Look through the records below for the line holding "re:named Light Blue". Write it out exactly, with each following line through the line holding "Snapshot of prettycandy4".

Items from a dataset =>
◆ ◆ ◆ ◆

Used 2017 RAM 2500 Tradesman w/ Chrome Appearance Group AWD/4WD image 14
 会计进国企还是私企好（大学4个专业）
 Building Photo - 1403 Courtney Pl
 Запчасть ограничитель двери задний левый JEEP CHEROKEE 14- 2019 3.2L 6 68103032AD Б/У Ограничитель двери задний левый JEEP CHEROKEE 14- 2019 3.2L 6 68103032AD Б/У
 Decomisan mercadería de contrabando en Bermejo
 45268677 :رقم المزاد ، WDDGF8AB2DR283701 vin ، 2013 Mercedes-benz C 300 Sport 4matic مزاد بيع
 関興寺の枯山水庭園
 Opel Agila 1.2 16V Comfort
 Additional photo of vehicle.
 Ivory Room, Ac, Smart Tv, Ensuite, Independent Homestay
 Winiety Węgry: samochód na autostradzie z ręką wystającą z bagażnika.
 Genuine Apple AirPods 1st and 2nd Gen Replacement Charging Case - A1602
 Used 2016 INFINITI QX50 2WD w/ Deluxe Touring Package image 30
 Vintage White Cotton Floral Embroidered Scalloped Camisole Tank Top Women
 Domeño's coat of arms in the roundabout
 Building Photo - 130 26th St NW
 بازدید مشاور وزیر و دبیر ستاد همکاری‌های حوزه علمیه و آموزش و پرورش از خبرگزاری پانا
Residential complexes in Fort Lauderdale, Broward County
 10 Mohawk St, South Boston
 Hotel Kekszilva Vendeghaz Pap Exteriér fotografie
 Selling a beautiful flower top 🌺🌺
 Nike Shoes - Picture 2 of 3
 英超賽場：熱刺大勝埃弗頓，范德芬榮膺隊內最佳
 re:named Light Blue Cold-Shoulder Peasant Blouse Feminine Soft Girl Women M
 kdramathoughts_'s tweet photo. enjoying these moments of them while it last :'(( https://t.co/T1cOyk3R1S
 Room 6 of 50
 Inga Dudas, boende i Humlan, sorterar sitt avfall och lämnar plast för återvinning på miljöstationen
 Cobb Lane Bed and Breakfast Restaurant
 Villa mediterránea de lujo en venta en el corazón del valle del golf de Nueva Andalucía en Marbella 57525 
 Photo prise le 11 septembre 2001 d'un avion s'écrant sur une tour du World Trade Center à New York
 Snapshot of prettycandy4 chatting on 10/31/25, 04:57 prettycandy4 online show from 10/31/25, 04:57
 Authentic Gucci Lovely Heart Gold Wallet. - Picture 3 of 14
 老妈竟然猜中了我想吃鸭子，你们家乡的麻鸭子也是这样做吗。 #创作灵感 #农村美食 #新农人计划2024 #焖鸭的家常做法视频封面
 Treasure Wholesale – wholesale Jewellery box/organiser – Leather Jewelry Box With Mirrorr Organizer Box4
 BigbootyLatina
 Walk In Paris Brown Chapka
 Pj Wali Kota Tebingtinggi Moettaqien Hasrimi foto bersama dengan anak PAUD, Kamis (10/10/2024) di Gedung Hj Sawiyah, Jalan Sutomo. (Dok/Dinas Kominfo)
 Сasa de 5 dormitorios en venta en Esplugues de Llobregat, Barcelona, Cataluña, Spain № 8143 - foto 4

◆ ◆ ◆ ◆

Answer for the task =>
 re:named Light Blue Cold-Shoulder Peasant Blouse Feminine Soft Girl Women M
 kdramathoughts_'s tweet photo. enjoying these moments of them while it last :'(( https://t.co/T1cOyk3R1S
 Room 6 of 50
 Inga Dudas, boende i Humlan, sorterar sitt avfall och lämnar plast för återvinning på miljöstationen
 Cobb Lane Bed and Breakfast Restaurant
 Villa mediterránea de lujo en venta en el corazón del valle del golf de Nueva Andalucía en Marbella 57525 
 Photo prise le 11 septembre 2001 d'un avion s'écrant sur une tour du World Trade Center à New York
 Snapshot of prettycandy4 chatting on 10/31/25, 04:57 prettycandy4 online show from 10/31/25, 04:57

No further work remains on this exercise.